Manring was shot 13 times and spent 18 months in hospitals in Korea, Japan, and the United States. ''I tried to forget about it. ... I didn't want to talk to anyone about it except my wife. My kids knew I was an ex-POW, but they didn't know what I had been through.''
The time for forgetting ended when Manring met up again with Ryan and former private James M. Rudd of Salyerville, Ky. First they were awarded the POW medal and other honors. This year, they were invited and sponsored by South Korean veterans and US soldiers at Camp Carroll to come back to identify the massacre site for a memorial. Rudd was too ill to make the journey. Ryan, who fears flying, had vowed never to board a plane again after leaving Korea - except if it was to come back.
Ryan and Manring spent the day trudging around the forgotten hillside, now covered with vineyards and partly dug up for a tunnel under construction. After hours in the sun comparing the much-changed terrain to their memories of mortar emplacements and lookout points, Manring froze, fell to his knees on a rock and said he knew this was it.
''I was laying right here after they shot me,'' he said with a shudder. His grandfather appeared to him and ''put his arm on my shoulder and said, `They're coming back, get out of here.''' When Manring struggled up, he was shot five more times by an approaching American unit that couldn't identify his ragged uniform. The victims had been 15 minutes shy of being saved.
The massacre was the culmination of three days of captivity for 67 Americans, Manring and Ryan say, during which the North Koreans tied them together and moved them constantly. The first night, 10 of the POWs were taken away with shovels - presumably to dig their own graves - and never returned. A few escaped overnight, but the second day, when one soldier slipped on the hillside and briefly separated from the others, the angry captors decapitated him with a trench-digging tool.
After taking some minutes by himself in the gulley, Manring whispered, ''I talked to the boys. I hope I'm at peace now. I begged their forgiveness. I have dreams about them all the time. I feel guilty that I survived.''
Ryan, trying to locate the spot where he was shot, recalled being shielded by the body of a 6-foot-3, 280-pound fellow soldier.
''As soon as the North Koreans turned around, I shook the guy on top of me, but he didn't respond. Then I got up and lifted my friend Hernandez. He told me to get down, they were coming back. I didn't talk to him 30 seconds before he died in my arms, and I started crying,'' he said.
Ryan said he stayed alive by thinking of his mother, his girlfriend, and the chocolate malts at his favorite soda shop in his hometown of Dayton, Ky.

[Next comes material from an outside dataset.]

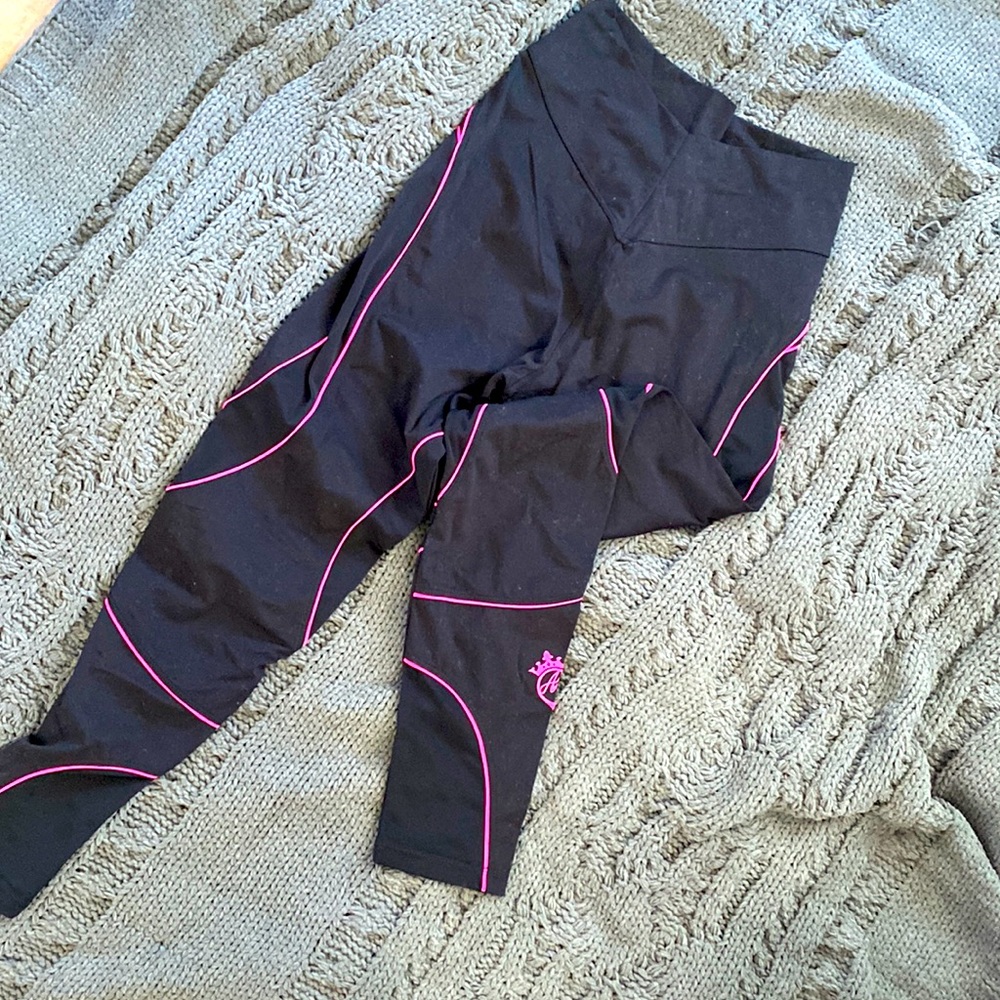 Booty Queen Apparel size Large but fits Medium, high compression, worn once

The emotion of being in the spot where he almost died finally overtook Manring. ''I'm going to tell you something I've hardly told anyone,'' he began softly. ''I shot a little Korean girl. She was maybe 8 or 10 years old.''
Manring recounted that his platoon was approached one day by a group of refugees, but when he took out his binoculars, he saw a girl holding a grenade in her hands, and no pin in it, headed their way. Before she had a chance to throw it, ''I put a bullet in between her eyes,'' he said, sobbing. ''She bothers me to this day.
''I don't know who that little girl was or who put a grenade in her hands, but the communists will do anything. That's why if I had to fight all over again, I'd do it.''
This story ran on page A2 of the Boston Globe on 06/25/99.